» Try it: Please output exactly the lines below, starting at the line that has "LED Name Lamp" and ending at the line that has "Translation missing: pt-PT.Disfraz", both included; leave out all pictures and include nothing else.
** Information follows **
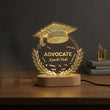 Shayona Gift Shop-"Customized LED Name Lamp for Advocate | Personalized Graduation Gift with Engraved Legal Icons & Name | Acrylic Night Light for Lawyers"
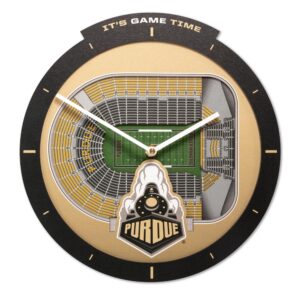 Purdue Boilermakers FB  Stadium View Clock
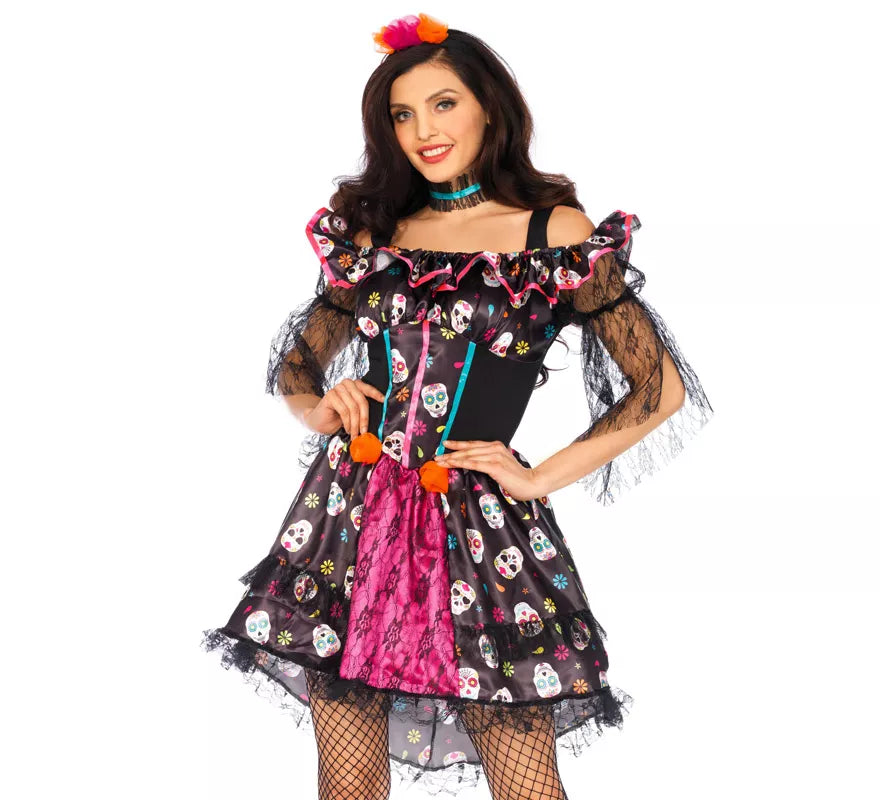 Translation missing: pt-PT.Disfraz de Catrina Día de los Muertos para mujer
** End of Information **
** Information follows **
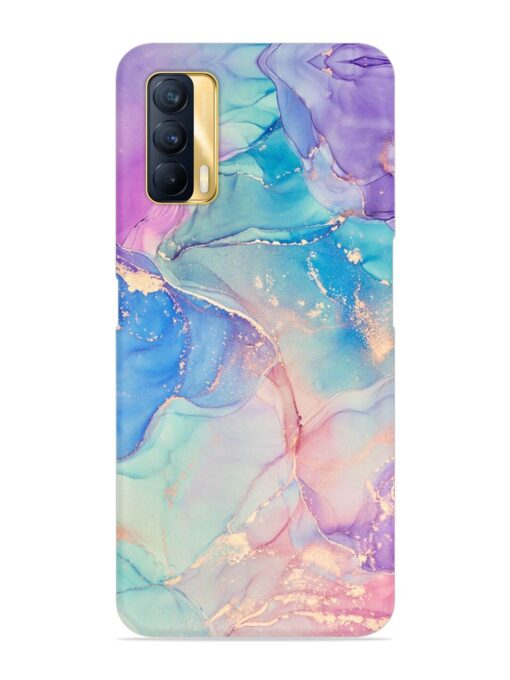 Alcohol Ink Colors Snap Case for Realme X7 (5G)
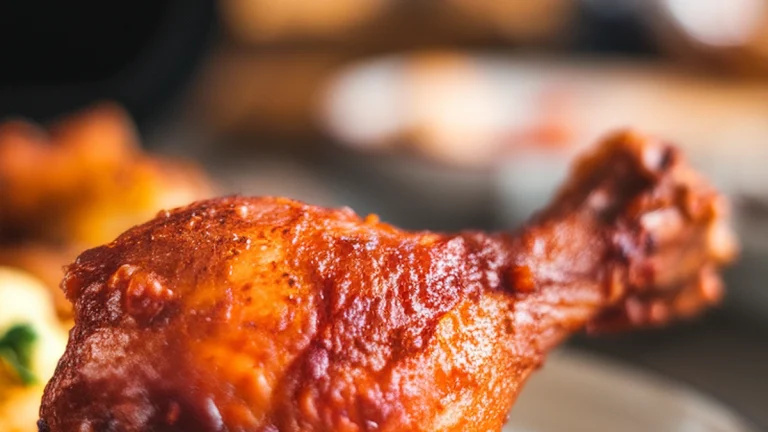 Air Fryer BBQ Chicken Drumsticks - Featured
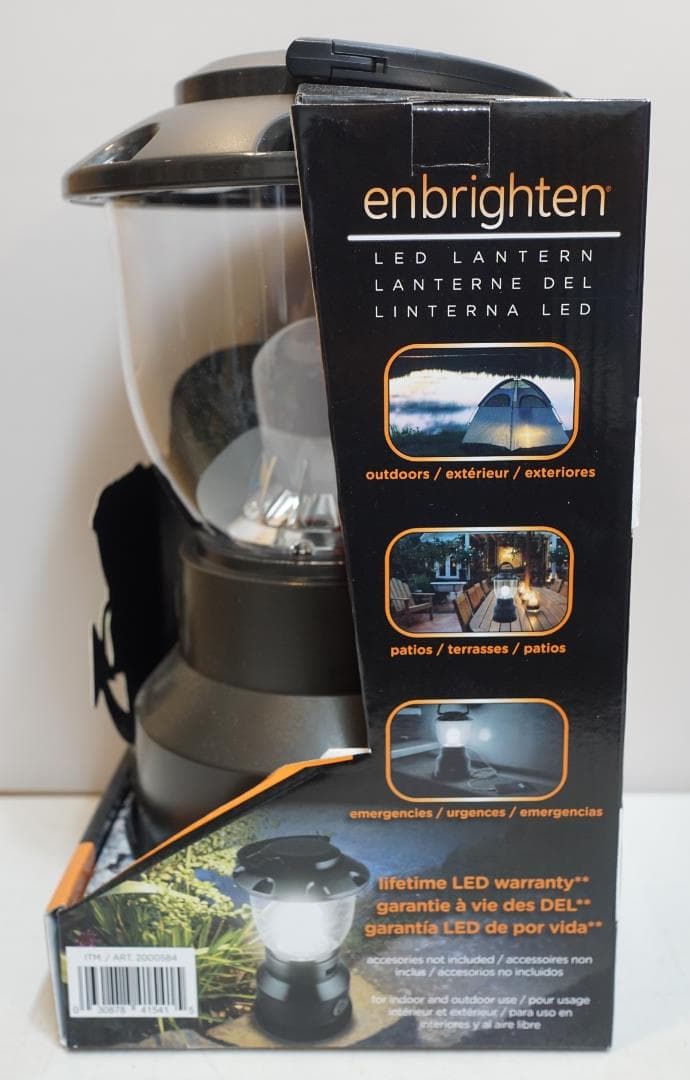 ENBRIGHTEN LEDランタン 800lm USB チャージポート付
** End of Information **
» Answer to the problem:
 Shayona Gift Shop-"Customized LED Name Lamp for Advocate | Personalized Graduation Gift with Engraved Legal Icons & Name | Acrylic Night Light for Lawyers"
 Purdue Boilermakers FB  Stadium View Clock
 Translation missing: pt-PT.Disfraz de Catrina Día de los Muertos para mujer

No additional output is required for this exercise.